At these words, Lucie experienced a sinking feeling in the pit of her stomach. She didn’t like conflict, and it seemed as though there was more to come.
“I thought that was a little weird, because if they wanted to come here, certainly they would have. But they said they applied to work down on the southern site, and were denied.”
Lucie was mortified, but also intrigued. She’d grown up reading about the exploits of the Millards. They’d been all kinds of places, and been the first to make many discoveries—why hadn’t they flocked to Al-Brehoni as soon as the regulations on archeological explorations began to loosen?
The Sheikh let that fact—which Zach had somehow manufactured into an accusation—hang in the air. When he did respond, it was with a careful, controlled tone.
“As I said earlier, I look into the reputations and previous work of those who wish to do work in my country. Our history is precious, and we do not have a second chance to uncover the gems we are discovering now.”

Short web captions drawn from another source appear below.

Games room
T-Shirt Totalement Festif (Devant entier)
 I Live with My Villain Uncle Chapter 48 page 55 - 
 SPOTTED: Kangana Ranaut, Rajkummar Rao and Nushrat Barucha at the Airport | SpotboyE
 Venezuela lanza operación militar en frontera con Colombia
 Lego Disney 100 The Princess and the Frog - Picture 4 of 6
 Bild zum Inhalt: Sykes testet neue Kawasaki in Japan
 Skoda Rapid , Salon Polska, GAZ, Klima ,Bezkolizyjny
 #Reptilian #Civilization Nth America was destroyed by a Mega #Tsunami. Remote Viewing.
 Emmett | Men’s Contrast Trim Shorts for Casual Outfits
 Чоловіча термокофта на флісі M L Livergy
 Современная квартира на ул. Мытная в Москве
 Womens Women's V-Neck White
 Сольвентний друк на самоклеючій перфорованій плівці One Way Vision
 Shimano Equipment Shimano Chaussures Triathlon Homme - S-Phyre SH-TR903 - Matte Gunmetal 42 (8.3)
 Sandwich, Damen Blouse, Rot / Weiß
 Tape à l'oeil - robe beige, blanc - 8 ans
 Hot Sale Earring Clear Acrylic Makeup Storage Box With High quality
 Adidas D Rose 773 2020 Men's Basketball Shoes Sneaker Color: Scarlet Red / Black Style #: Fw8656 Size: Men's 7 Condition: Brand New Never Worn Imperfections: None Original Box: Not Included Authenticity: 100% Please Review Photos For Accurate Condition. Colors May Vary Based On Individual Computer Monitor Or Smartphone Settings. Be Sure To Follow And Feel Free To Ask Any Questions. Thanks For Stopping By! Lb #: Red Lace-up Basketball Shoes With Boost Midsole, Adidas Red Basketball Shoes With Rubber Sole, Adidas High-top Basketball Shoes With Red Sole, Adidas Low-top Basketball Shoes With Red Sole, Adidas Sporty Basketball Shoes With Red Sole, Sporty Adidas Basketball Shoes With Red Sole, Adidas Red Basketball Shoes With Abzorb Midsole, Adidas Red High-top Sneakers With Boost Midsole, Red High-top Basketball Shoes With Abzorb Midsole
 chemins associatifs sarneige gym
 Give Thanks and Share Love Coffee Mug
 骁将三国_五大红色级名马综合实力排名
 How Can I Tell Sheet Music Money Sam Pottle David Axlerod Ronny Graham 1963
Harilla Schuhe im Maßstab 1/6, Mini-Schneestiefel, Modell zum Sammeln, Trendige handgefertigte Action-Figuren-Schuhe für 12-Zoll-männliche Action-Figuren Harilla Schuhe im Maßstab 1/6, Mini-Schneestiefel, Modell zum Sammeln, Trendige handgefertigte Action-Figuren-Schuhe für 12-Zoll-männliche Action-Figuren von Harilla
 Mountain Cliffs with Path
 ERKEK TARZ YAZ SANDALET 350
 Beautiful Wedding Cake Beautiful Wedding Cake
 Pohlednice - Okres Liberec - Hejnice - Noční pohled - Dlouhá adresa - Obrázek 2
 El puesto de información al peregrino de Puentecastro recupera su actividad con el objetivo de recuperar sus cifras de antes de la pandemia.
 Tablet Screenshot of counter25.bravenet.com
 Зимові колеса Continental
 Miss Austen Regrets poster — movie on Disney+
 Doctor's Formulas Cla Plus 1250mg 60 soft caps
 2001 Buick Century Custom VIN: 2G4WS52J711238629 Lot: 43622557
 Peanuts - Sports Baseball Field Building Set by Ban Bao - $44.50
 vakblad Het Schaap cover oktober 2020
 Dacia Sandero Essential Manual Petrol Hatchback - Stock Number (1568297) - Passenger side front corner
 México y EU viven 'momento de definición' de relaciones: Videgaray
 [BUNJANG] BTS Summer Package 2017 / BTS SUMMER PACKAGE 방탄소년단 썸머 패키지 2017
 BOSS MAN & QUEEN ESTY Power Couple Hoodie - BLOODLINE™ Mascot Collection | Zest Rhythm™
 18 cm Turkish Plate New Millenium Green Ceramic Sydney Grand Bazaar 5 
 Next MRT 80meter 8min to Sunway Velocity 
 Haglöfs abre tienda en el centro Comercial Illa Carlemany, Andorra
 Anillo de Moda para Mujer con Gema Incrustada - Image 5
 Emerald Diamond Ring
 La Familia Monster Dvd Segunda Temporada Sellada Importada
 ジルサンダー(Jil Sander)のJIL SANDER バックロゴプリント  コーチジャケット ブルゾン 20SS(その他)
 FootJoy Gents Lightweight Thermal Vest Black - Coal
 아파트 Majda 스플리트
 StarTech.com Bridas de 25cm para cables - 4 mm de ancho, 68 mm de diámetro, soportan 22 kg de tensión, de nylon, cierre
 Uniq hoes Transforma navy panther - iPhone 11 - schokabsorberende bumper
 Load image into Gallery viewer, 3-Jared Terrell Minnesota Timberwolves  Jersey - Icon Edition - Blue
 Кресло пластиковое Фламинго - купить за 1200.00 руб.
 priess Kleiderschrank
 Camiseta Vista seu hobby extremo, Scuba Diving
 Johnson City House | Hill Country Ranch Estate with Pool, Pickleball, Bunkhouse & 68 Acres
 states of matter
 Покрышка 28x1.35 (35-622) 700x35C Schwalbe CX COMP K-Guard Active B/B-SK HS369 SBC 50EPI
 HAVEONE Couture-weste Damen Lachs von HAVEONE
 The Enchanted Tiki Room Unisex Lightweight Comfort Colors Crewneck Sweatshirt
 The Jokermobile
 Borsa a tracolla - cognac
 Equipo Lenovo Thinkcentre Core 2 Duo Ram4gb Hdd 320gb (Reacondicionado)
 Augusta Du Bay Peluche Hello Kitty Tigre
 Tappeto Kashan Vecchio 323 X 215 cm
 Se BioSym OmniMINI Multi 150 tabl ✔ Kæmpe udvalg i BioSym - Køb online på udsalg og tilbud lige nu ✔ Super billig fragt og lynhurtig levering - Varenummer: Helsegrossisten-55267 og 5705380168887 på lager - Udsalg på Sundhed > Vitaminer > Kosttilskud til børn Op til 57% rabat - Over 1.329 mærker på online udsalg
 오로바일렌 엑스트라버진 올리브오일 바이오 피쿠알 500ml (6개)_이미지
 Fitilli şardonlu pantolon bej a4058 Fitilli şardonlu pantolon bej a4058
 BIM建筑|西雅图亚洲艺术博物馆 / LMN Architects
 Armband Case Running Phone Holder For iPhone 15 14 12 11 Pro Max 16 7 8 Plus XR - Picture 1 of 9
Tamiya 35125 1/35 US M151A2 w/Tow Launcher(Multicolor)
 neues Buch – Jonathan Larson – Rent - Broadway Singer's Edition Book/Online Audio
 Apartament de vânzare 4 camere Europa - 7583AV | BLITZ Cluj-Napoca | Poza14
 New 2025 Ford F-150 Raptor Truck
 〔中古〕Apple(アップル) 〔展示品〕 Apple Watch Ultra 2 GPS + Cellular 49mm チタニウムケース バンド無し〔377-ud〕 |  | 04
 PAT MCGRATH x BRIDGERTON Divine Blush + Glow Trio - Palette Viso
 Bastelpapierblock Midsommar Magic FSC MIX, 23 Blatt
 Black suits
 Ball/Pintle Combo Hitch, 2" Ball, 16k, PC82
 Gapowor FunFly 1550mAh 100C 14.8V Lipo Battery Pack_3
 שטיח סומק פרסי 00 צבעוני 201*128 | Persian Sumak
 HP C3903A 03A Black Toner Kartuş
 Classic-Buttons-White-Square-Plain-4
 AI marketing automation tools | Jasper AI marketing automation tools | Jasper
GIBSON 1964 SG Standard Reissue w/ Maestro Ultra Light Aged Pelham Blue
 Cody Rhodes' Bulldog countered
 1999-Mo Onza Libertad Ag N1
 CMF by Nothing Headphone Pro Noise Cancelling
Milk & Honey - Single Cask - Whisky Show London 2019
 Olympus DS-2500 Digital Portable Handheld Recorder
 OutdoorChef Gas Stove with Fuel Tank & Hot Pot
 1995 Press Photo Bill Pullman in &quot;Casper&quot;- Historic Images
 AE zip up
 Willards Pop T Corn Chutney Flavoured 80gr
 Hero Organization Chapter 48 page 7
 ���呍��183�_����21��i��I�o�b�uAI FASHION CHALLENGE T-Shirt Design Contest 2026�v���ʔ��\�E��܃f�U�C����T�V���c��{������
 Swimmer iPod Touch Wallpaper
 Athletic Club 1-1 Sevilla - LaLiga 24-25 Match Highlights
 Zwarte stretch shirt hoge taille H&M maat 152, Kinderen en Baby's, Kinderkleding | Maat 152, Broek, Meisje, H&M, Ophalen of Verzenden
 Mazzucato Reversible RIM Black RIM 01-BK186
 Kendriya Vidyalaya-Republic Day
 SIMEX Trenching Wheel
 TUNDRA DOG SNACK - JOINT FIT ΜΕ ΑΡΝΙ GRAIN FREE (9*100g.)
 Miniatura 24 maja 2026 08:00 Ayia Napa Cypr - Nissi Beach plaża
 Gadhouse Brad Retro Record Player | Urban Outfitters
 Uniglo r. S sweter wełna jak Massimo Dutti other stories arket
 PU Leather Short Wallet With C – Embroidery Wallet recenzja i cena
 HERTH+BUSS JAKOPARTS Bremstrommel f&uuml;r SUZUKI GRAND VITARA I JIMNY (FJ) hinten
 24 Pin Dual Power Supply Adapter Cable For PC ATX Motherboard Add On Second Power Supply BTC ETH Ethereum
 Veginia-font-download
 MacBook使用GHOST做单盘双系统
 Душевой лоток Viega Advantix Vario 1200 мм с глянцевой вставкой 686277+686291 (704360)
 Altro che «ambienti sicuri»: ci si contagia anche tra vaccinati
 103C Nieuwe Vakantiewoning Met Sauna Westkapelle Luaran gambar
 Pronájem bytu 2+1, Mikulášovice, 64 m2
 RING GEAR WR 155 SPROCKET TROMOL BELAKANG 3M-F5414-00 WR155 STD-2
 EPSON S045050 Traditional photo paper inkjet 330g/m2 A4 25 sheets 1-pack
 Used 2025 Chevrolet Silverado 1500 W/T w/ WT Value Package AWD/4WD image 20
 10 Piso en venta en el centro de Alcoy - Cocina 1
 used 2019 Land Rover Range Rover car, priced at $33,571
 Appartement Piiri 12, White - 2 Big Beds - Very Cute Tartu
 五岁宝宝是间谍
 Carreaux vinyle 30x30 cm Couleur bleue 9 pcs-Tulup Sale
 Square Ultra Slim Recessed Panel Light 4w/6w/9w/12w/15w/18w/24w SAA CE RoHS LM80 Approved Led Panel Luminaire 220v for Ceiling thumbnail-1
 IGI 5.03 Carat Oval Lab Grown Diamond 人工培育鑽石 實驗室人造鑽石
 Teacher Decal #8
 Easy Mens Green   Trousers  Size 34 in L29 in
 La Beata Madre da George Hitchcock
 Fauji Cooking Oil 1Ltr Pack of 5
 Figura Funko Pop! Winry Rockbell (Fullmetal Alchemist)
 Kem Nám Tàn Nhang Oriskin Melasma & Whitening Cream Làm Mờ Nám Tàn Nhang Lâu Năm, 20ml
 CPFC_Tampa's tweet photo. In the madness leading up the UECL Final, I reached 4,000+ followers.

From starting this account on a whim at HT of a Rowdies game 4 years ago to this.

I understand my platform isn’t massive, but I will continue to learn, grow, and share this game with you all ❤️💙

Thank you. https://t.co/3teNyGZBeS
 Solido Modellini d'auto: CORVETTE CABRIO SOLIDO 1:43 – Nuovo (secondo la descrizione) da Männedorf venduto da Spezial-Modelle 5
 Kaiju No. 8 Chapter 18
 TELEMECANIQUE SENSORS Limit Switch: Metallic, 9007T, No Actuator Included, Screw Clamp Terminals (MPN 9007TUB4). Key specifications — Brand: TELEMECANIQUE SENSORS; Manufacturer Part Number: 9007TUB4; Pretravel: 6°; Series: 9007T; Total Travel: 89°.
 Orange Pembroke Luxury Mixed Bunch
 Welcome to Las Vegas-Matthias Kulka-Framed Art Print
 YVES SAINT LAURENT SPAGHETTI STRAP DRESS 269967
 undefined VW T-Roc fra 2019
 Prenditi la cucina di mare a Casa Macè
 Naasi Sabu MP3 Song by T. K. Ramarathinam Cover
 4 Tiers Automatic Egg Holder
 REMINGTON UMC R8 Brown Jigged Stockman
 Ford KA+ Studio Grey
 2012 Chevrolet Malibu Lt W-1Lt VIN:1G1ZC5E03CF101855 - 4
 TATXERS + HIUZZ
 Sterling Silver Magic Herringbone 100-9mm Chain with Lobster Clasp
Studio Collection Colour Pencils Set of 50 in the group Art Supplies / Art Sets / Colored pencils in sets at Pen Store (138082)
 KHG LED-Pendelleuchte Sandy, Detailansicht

Zach’s tone went from angry to sneering. “My parents are two of the foremost archeologists of their generation. If you knew half the places they’d been, and the projects they’d led—”
“I do, actually. And what I found led me to decide not to allow them access.”
It was like something snapped in Zach’s head. Lucie had never seen him lost for words for so long. Normally he had a quick comeback to everything, but now he was just sitting there, staring straight ahead, but not seeming to see anything.
And then he gave his head a quick, clearing shake, and reached for his glass of liquor, which he downed in one final sip.
“Come,” Abdul said, very consciously and graciously changing the subject. “I think we’ve all finished eating, and you seem to favor our local spirit. Let me show you how we usually drink it.”
The Sheikh stood and walked to the door, leading the way out into the hallway. Lucie stood, too, but Zach stayed seated.
“Well,” Abdul said calmly, “whenever you’re ready.”
And then he left, and Lucie and Zach were alone.
“Can you believe him?” Zach asked, as though there weren’t servants just outside that could hear every word.
“I believe him. I’m not sure I believe you.”
She wouldn’t have thought that she could wound Zach. He was all bravado, and had been since the day she’d met him. But at those words, Zach finally stood. He looked defeated, but not hopeless. More like bitter.
“Well, go get drunk with the corrupt dictator if you want,” he spat. “I’ll be getting over my jet lag so I’m ready to do some real work tomorrow.”
Lucie watched him stumble to the doorway and disappear through it. Now, if she asked the servants to escort her to where the king was, it would be just the two of them. They would be drinking together, alone, into the night.
The thought of it sent a thrill of fear and excitement shooting up her spine. She could make an excuse about jet lag. She could do the proper thing, and take more time to study up for the work they would hopefully be able to do once the storm was over.
But even as she thought about it, she knew she wouldn’t do it. This was happening. This was, it felt like, the first real thing that was happening in her whole life.